Selon elle, ouvrir grand les portes du RN répond à une nécessité : celle de respecter le « choix des Français ». « Simple, basique ! » ajoute-t-elle. Étonnamment, la Macronie se soucie bien moins du respect des équilibres électoraux lorsqu’il s’agit de nommer un premier ministre provenant de la force arrivée en tête aux dernières législatives : le NFP.
« Un an après les élections, Yaël Braun-Pivet trahit le barrage républicain en faisant élire deux députés RN au bureau de l’Assemblée nationale. Face à cette connivence nauséabonde, demandons sa démission ! » appelle Benjamin Lucas, député du groupe Écologiste et social, qui a lancé une pétition en ce sens à la suite du vote. « Cette trahison du pacte républicain qui nous a élus est un signal inquiétant », souffle Arthur Delaporte, porte-parole du groupe socialiste.

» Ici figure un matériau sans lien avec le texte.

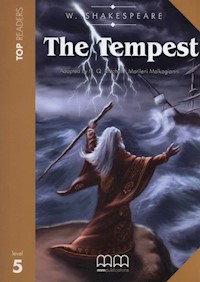 The Tempest  Top Readers Level 5 - Mitchell H.Q. - książka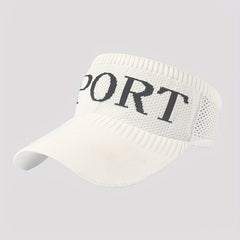 Adjustable Breathable UV Protection Summer Unisex Sport Sun Tennis Golf Caps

Plus inquiétant encore : ce compagnonnage pourrait n’en être qu’à ses premières heures. « Ce deal ne s’arrête pas qu’aux vice-présidences, assure Jérémie Iordanoff. Les Français doivent le savoir : le bloc central pactise avec le RN pour s’assurer une majorité de places en commissions. » Dont la présidence des Affaires économiques ou le poste de rapporteur général du budget, très prisés pour leur pouvoir de contrôle de l’action du gouvernement, et qui seront en jeu ce jeudi.